Idea good, timing bad, say Ohio senators



By Greg Wright, Gannett News Service
and Patrick Crowley, Enquirer staff writer

WASHINGTON - Ohio and Kentucky senators said Tuesday they would vote for a constitutional amendment limiting marriage to a man and a woman.

However, both of Ohio's senators think Republicans are bringing it up at the wrong time.

Sen. Mike DeWine, R-Ohio, also said he is worried that some Americans consider the bill that would bar gay marriage discriminatory.

"I think voting on this now is divisive - unnecessarily divisive in the heat of a political campaign," DeWine said. "And I think for some people it sends a message of intolerance, and I think that is very unfortunate."

Republicans were pressing Tuesday for some kind of vote on the Senate floor today, even if merely to end the debate.

Both DeWine and Sen. George Voinovich, also a Republican, have said marriage should be between a man and a woman but had been undecided on whether to amend the Constitution.

Ohio enacted its own law in February that banned gay marriage. Petitions are being circulated for a vote in November on a state constitutional amendment to ban gay marriage.

Kentucky lawmakers placed a state constitutional amendment to ban gay marriage on the November ballot.

States should be allowed to grant civil unions to gays, which would give them the legal rights that married, straight couples enjoy, DeWine said Tuesday.

Voinovich and DeWine said Republicans should have waited until a court threatened to legalize gay marriage nationwide before seeking the constitutional change.

"I don't think the issue is legally ripe yet," DeWine said. "But I don't set the time to vote."

Voinovich spokeswoman Marcie Ridgway said the senator believes "very strongly that marriage is a sacred union between a man and a woman."

In a speech delivered Monday on the Senate floor, Sen. Jim Bunning, R-Ky., said the marriage amendment is "one of the most important issues this body has ever debated."

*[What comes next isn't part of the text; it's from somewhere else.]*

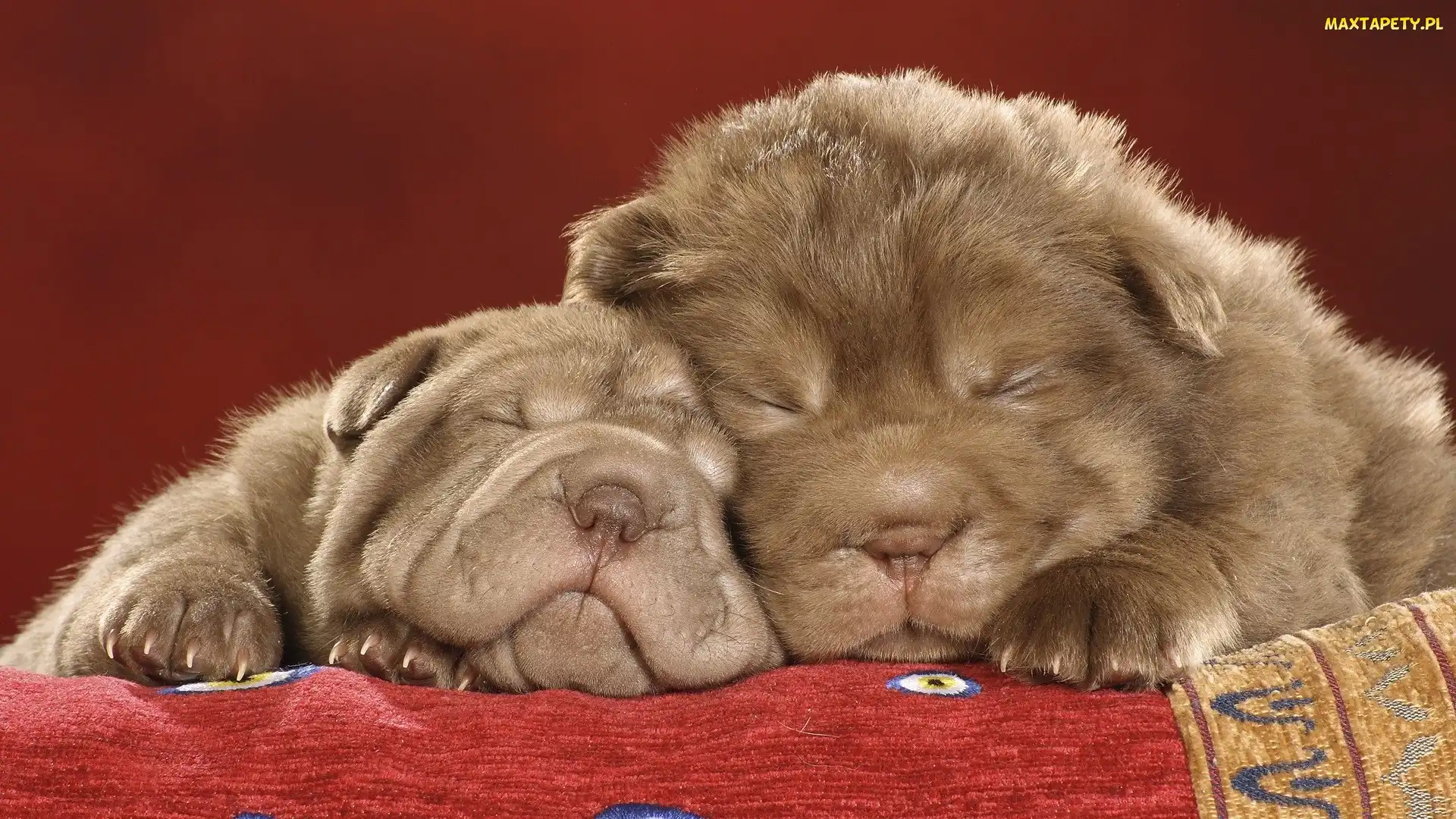 Śpiące, Shar Pei, Dwa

"Our nation faces a potential disaster,'' said Bunning, a father of nine from Southgate. "I hope my colleagues in the Senate realize that we have a responsibility to affirm the ideal of marriage and protect one of the basic building blocks of our society - the family.''

Bunning said judges who have permitted same-sex marriages "are attempting, because of their own arrogance, to redefine marriage.''

Senate Whip Mitch McConnell of Kentucky, the second-ranking Republican in the Senate, also supports the amendment.

"Due to the actions of several activist judges, I believe that a constitutional amendment is necessary to protect the proposition that marriage is the union of a man and a woman,'' McConnell said in a statement.